LAKEPORT, Calif. – A man facing two murder charges for the deaths of a Maine couple early last year appeared for the first day of his preliminary hearing Tuesday, when the main witness was his co-defendant in the case, who took the stand to testify against him.

 

Robby Alan Beasley, 30, sat beside his attorney Stephen Carter during a day of testimony in which 28-year-old Elijah Bae McKay recounted the events that led to the January 2010 shooting deaths of Yvette and Frank Maddox of Maine, as well as the gruesome circumstances of their deaths on the side of Morgan Valley Road near Lower Lake.

 

Beasley and McKay are each charged with two counts of murder, along with special allegations of committing multiple murders in the first or second degree, committing the offenses with the intent to inflict great bodily injury on the victims and using a 9 millimeter firearm.
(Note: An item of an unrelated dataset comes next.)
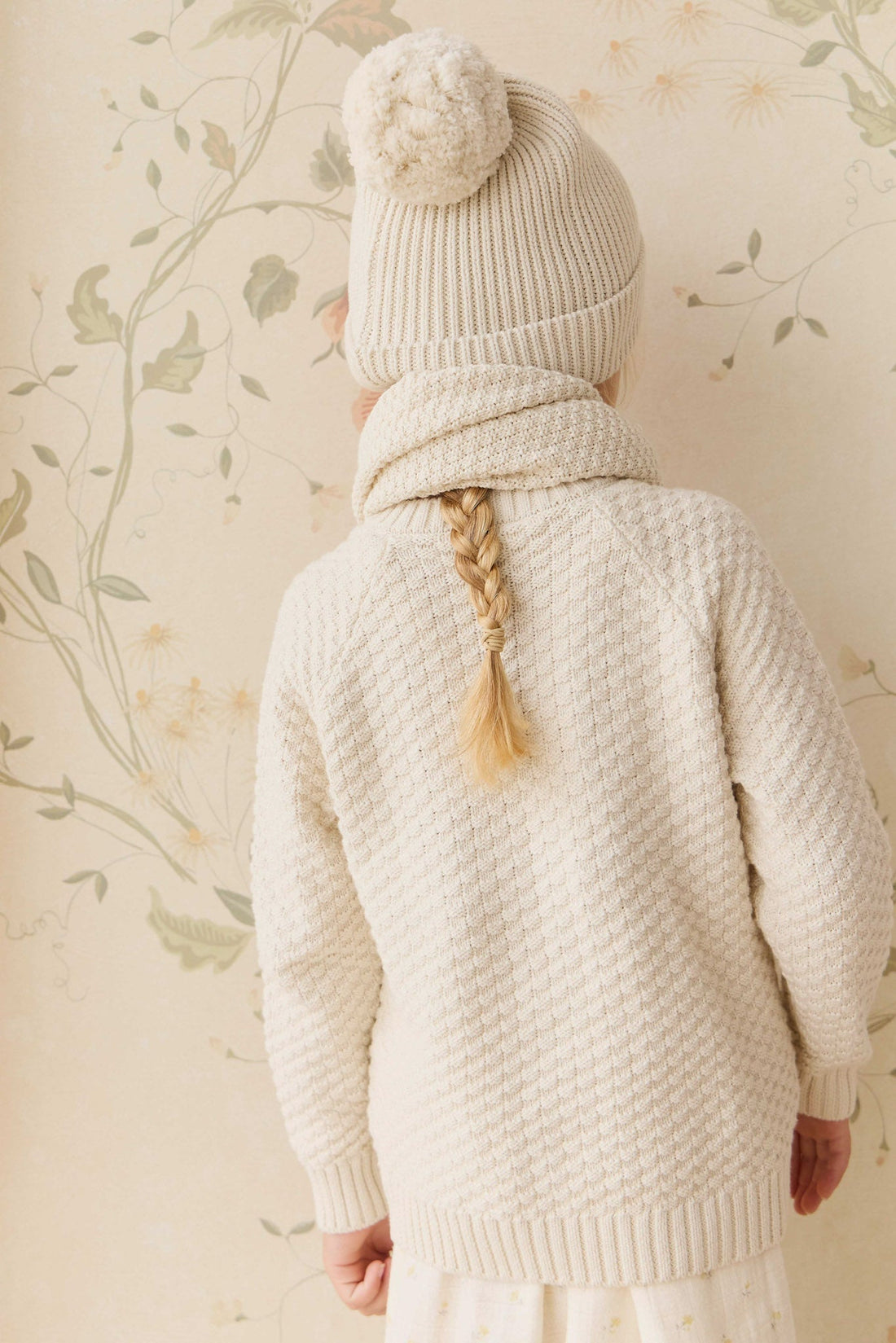 Simple Rib Beanie - Vanilla Childrens Hat from Jamie Kay USA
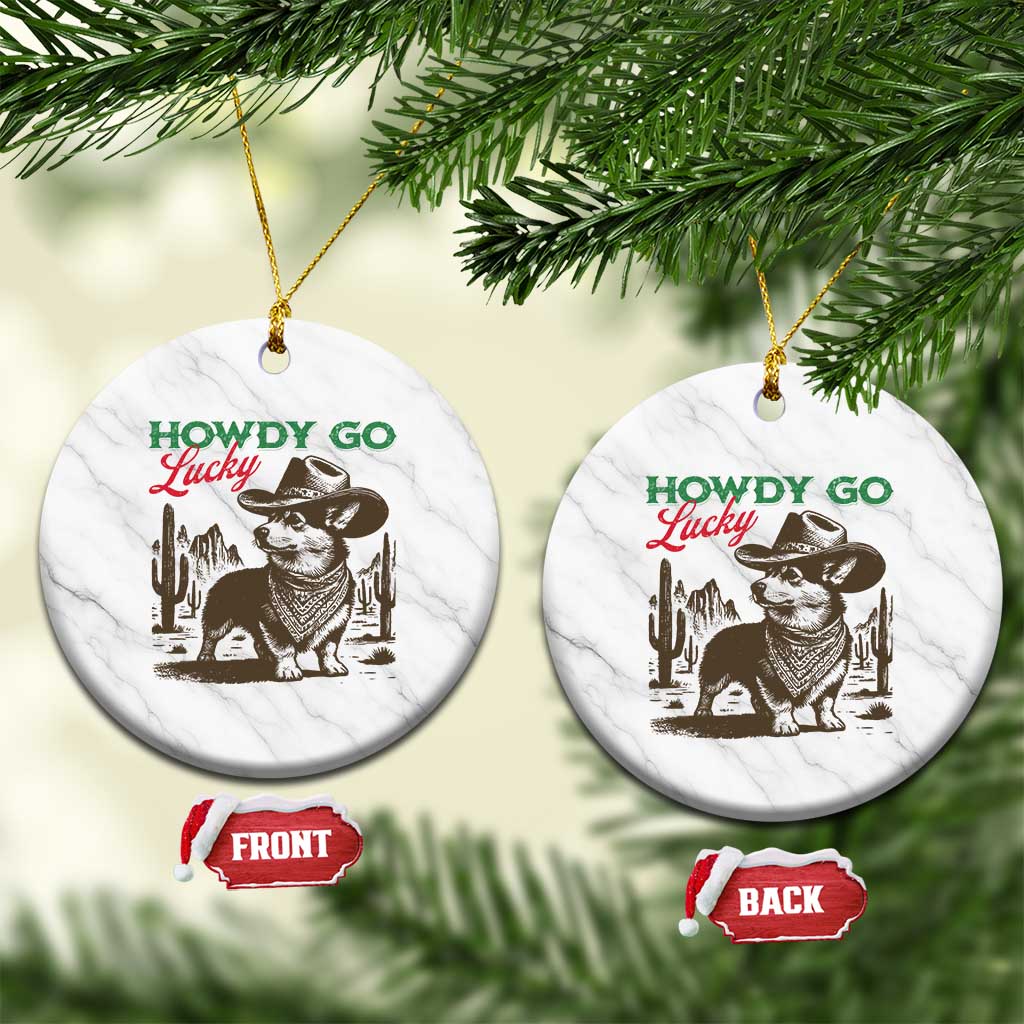 Howdy Go Lucky Ceramic Ornament Funny Corgi St Patrick's Day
Beasley also is alleged to have had a felony conviction in Maine for criminal threatening with a firearm.

 

McKay – clad, like Beasley, in a black and white jail jumpsuit – remained handcuffed throughout his nearly two hours on the witness stand, as Deputy District Attorney Art Grothe and Carter took turns questioning him.

 

Looking on from the gallery was his attorney, Richard Petersen of Ukiah. Peterson watched but didn't interject in any of the proceedings.

 

McKay stated during his testimony that he was not offered a deal in exchange for his testimony and only was receiving limited immunity for his statements.

 

He said he had decided to testify in recent weeks after investigators showed Petersen an arrest warrant for McKay's fiancee. McKay also was told that his young son would be taken away.

 

The story McKay shared with the court Tuesday was one set against the background of an old friendship with Beasley, with marijuana growing and the large amounts of money it brought leading to tensions and, allegedly, the deaths of the couple, who Beasley had invited to come west to work for him trimming marijuana.

 

However, Beasley later came to believe they had been responsible for stealing from him several pounds of marijuana, which McKay testified led to Beasley planning to kill them.

 

Before McKay took the stand later in the morning, Grothe called to the stand two witnesses, Elvin Sikes and Tyreshia Celestin-Willis. Grothe had filed a motion regarding his intent to put on both witnesses, who offered certain amounts of hearsay testimony, which normally is not allowed in the evidence code.

 

However, Grothe said a new law allows the use of hearsay against a subject who was attempting to make a witness unavailable. In this case, he suggested Beasley had done so by killing the Maddoxes, who had made statements about Beasley to Sikes and Celestin-Willis.

 

Grothe noted the information could be stricken, and Carter agreed to go forward with the testimony.

 

Sikes recalled allowing the couple to stay with him after Yvette Maddox came to him in early December 2009, crying because they had no place to stay. “They wanted to go back home so I told them they could stay there for a little bit, until they got the means to go back home.”

 

Yvette Maddox told Sikes about mailing “packages” back to Maine, and Frank Maddox mentioned his plans to take Beasley to the airport, which Sikes advised against. Sikes said Yvette Maddox told him that she had her husband go get “the stuff that was owed to them,” meaning marijuana, but he didn't take it to mean they were stealing.

 

After Sikes was off the stand, Carter withdrew his support of going forward with the use of the hearsay, saying it would result in a potentially large body of information that would have to be stricken.

 

Judge Richard Martin said he wanted to hear all of the evidence before deciding whether or not it should be considered.

 

Grothe then called to the stand Celestin-Willis, who got to know the Maddoxes in late 2009.

 

She recalled an extremely upset Yvette Maddox coming to her house and telling her that Beasley had stated, “You're in my town, I'll make you come up missing,” and that her husband didn't protect her. Shortly afterward, Frank Maddox drove up to Celestin-Willis' house and Yvette Maddox ran and hid in the closet while Celestin-Willis told Maddox that his wife was not there.

 

Celestin-Willis said she had seen the couple with as much as a pound of marijuana, and was aware they were trimming it, noting that marijuana wasn't her “scene.”

 

Old friendship, new trouble

 

McKay followed Celestin-Willis to the stand, offering the information that set the stage for the couple's arrival in Lake County.

 

He recounted meeting Beasley about 15 years ago while they were in grade school and remaining friends throughout the years.

 

About five years ago McKay came to California, getting into construction in San Jose before trading in his apartment to live in tent and grow marijuana in Mendocino County. He later made two trips to Maine to sell some of his marijuana.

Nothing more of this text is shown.